**PROVIDED DATA**
----
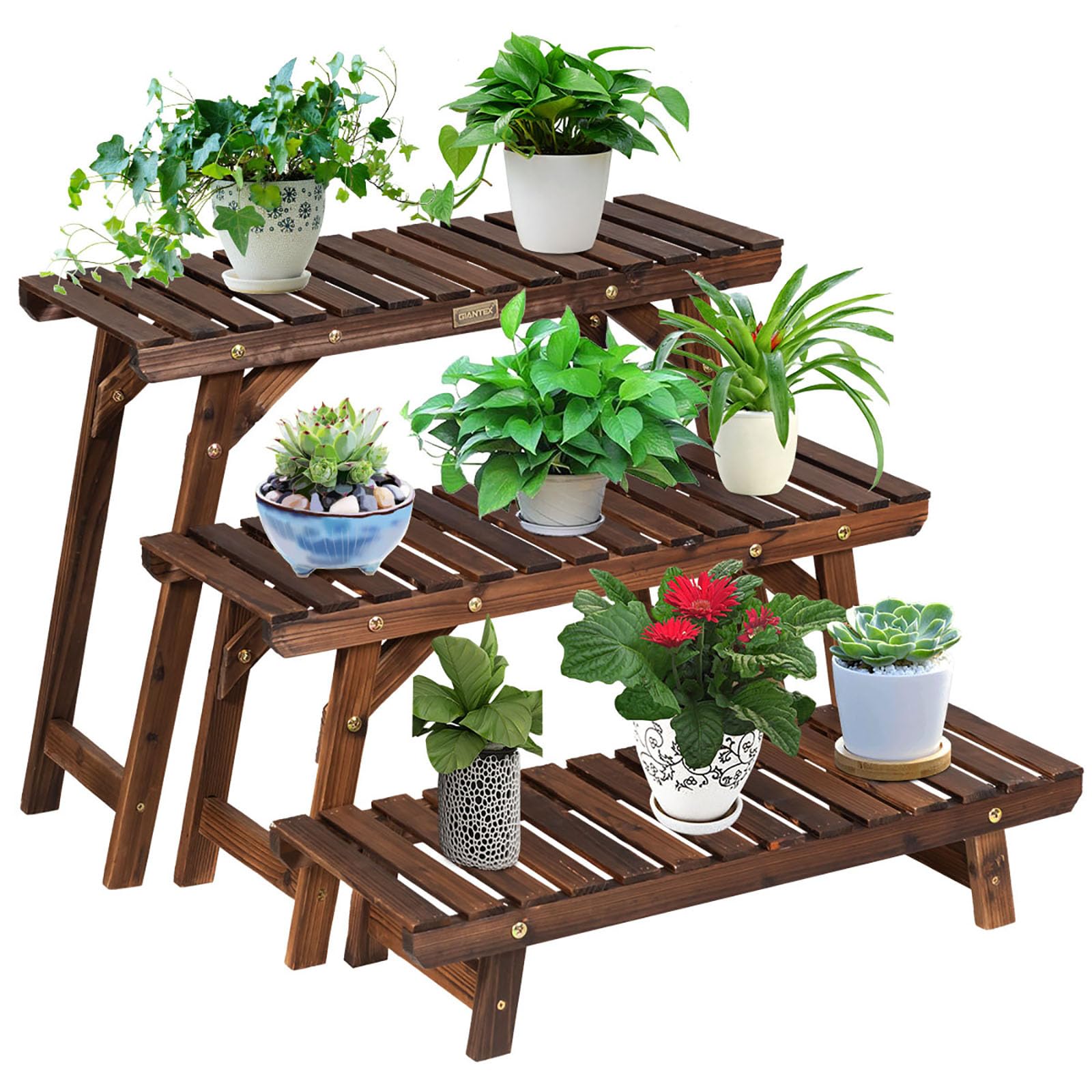 COSTWAY 3tlg. Blumenständer Holz, pflanzenständer Blumenregal, 14/34/53 cm hoch, Blumenbank freistehend, Blumentreppe Balkon Garten, Pflanzenregal Holzregal, Leiterregal Indoor Outdoor, Natur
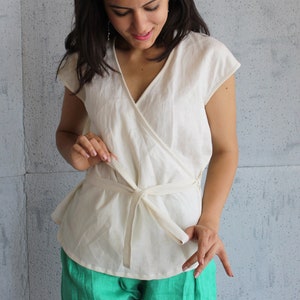 Linen Wrap Top: Short Sleeve V-Neck Blouse - Eco-Friendly Fabric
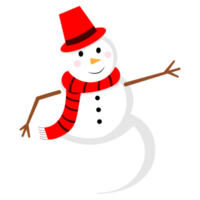 bonhomme de neige portant bonnet et écharpe png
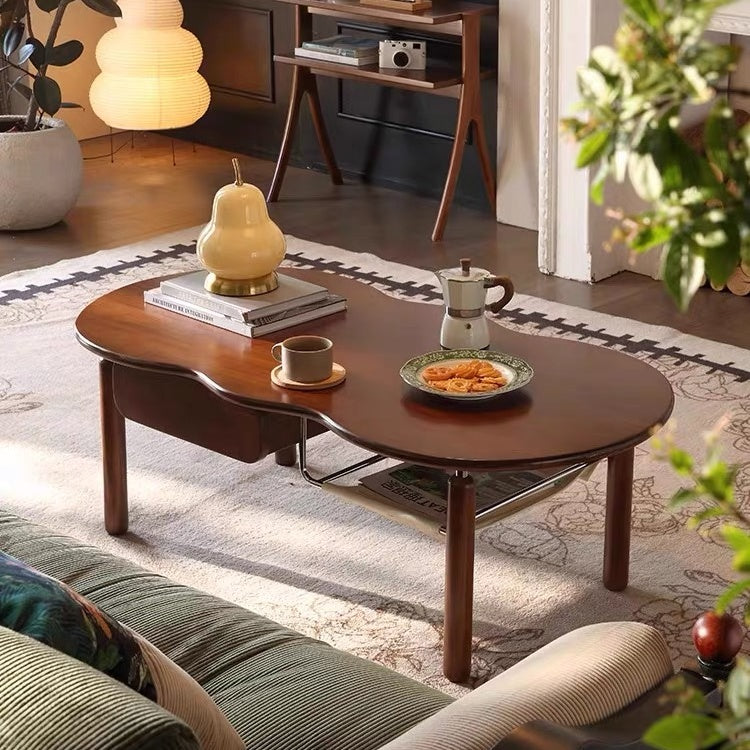 Solid Oak Farmhouse Coffee Table with Storage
----
**EXERCISE**
Every line above is to be given again exactly, apart from the pictures.

**ANSWER SECTION**
 COSTWAY 3tlg. Blumenständer Holz, pflanzenständer Blumenregal, 14/34/53 cm hoch, Blumenbank freistehend, Blumentreppe Balkon Garten, Pflanzenregal Holzregal, Leiterregal Indoor Outdoor, Natur
 Linen Wrap Top: Short Sleeve V-Neck Blouse - Eco-Friendly Fabric
 bonhomme de neige portant bonnet et écharpe png
 Solid Oak Farmhouse Coffee Table with Storage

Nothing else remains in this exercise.